KEY POINTS

  • Only 3% to 4% of the population has been infected by the coronavirus, meaning most people still are vulnerable
  • Swift imposition of lockdowns reduced the infection rate by 82%
  • Curiously, shutting schools had little impact on the virus' spread

Two studies published Monday in Nature indicate aggressive action that shut down the world economy prevented more than 500 million more infections in six countries, reducing infection rates by 82% and saving millions of lives.
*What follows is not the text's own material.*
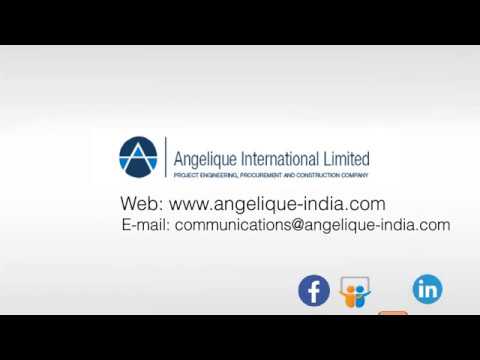 Angelique International Limited : Electricity distribution capacity increase project in Dhaka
A study by the Imperial College of London indicates only 3% to 4% of the populations in 11 European countries have been infected by the virus, meaning the vast majority of the population still is vulnerable. The other study, which focused on China, the United States, France, Italy, Iran and South Korea, concluded orders forcing people to stay at home changed the infection trajectory, averting 62 million infections among those who were tested for the virus and extrapolated that number to 530 million because most infected people never get tested.

“This is just the beginning of the epidemic: We’re very far from herd immunity. The risk of a second wave happening if all interventions and precautions are abandoned is very real,” Samir Bhatt, senior author of the Imperial College London study, told the Washington Post.

The study estimates as many as 15 million Europeans had been infected with the coronavirus by May 4.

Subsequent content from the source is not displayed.